ESMD · August 29, 2025, 9:11pm

Sorry, Suhail, but the way you have summarized this thread is not at all how I would have summarized it.

The whole reason I started this thread was because I couldn’t reconcile the following ideas: 1) the “95% confidence interval” is a frequentist concept for which valid interpretation seems to require either random sampling to determine which members of a population will be included in a study or random allocation of subjects in a convenience sample to one treatment or another; and 2) there is no random process anywhere in the conduct of an observational study.

Given 2) above, I asked why it’s considered kosher to put a 95% confidence interval around an observational study’s point estimate.

Your summary, as I read it, seems to be licensing the status quo in terms of how confidence intervals are interpreted. But there are clearly other experts who don’t accept the status quo as valid. These differences of opinion seem very problematic- to me at least.

HuwLlewelyn · August 29, 2025, 10:09pm

Thank you Suhail. There is a lot to unpack in your comments and that there are many levels of complexity that could be addressed. My main point is that setting of thresholds for treatment decisions based on a test’s ‘normal range’ is not a good idea.

When I looked at the data originally the proportion of males and females were similar in those with and without nephropathy and the initial distribution of BP was similar before and after randomisation in those with and without nephropathy later. The overwhelming predictor of nephropathy was the initial ‘severity’ of the proteinuria as measured by the albumin excretion rate (AER).

I fitted logistic regression curves to the probabilities / odds of nephropathy for the 5 strata conditional on the AERs for placebo and treatment and showed that the odds ratio and risk ratio varied with severity both being about 0.7 at 20mcg/min but diverging markedly at higher levels of AER the OR being parabolic in shape but the RR falling progressively.

The baseline risk of nephropathy rose steeply with increase of pre-treatment AER. Predictably, the risk difference was very low below 40mcg/min, maximal around 145mcg/min, then dropping off.

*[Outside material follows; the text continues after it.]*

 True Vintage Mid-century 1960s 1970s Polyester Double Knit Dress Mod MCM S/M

I agree that there is much more to explore by incorporating other covariates. My current concern is persuading my clinical and research colleagues and the EBM community of this and that disease severity is a very important and perhaps a dominant ‘core’ covariate.

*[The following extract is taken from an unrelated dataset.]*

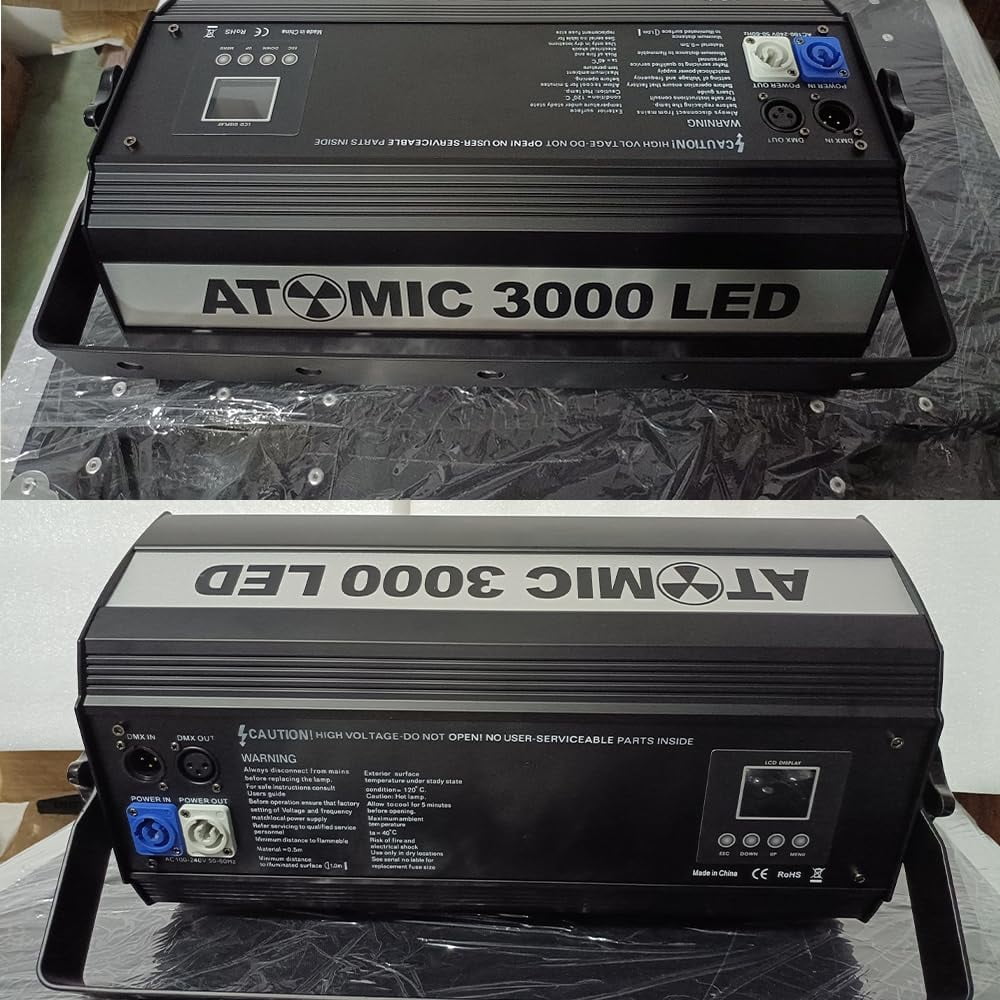Professional Atomic 3000 LED Strobe Light DMX512 Control RGB Stage Lighting for DJ Disco Bar Studio Performance Club Gig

s_doi · August 30, 2025, 5:54am

Huw, of course disease severity is important. My point is that this is easily solved by an adjustment of the OR of the intervention effect by the five categories of severity (AER) and use of that adjusted OR as the severity independent closest empiric estimate of treatment effect. Hence in this trial covariate adjustment is important (regardless of balance of covariates at baseline) and will mitigate what you have shown (risk magnification). Since you are using categories of severity for adjustment, you need not worry about the shape of the stratified curves.

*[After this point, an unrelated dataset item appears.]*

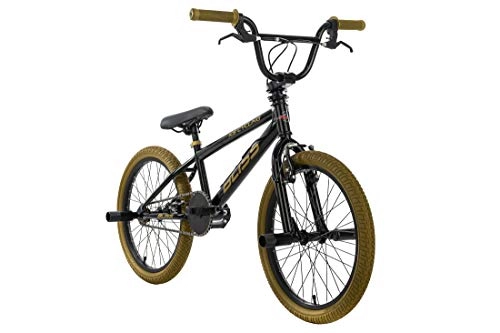 BMX : KS Cycling Vélo BMX Freestyle 20" pour garçon Noir / doré 28 cm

s_doi · August 30, 2025, 5:56am

Hi Erin, that summary table incorporates all opinions on this thread. If you do not think so, please specify which statement in the table fails to incorporate the diversity of opinions we had.

ChristopherTong · August 30, 2025, 7:27am

What is missing is a column labeled “justification”. For an RCT or designed survey, a frequentist would put random allocation and random assignment, respectively, and these are only approximate, strictly speaking. (You can add yet another column for “Bayesian justification” if you like-- I leave it to the Bayesians to fill in that one.) For an OS I would put a big red question mark under the frequentist justification column.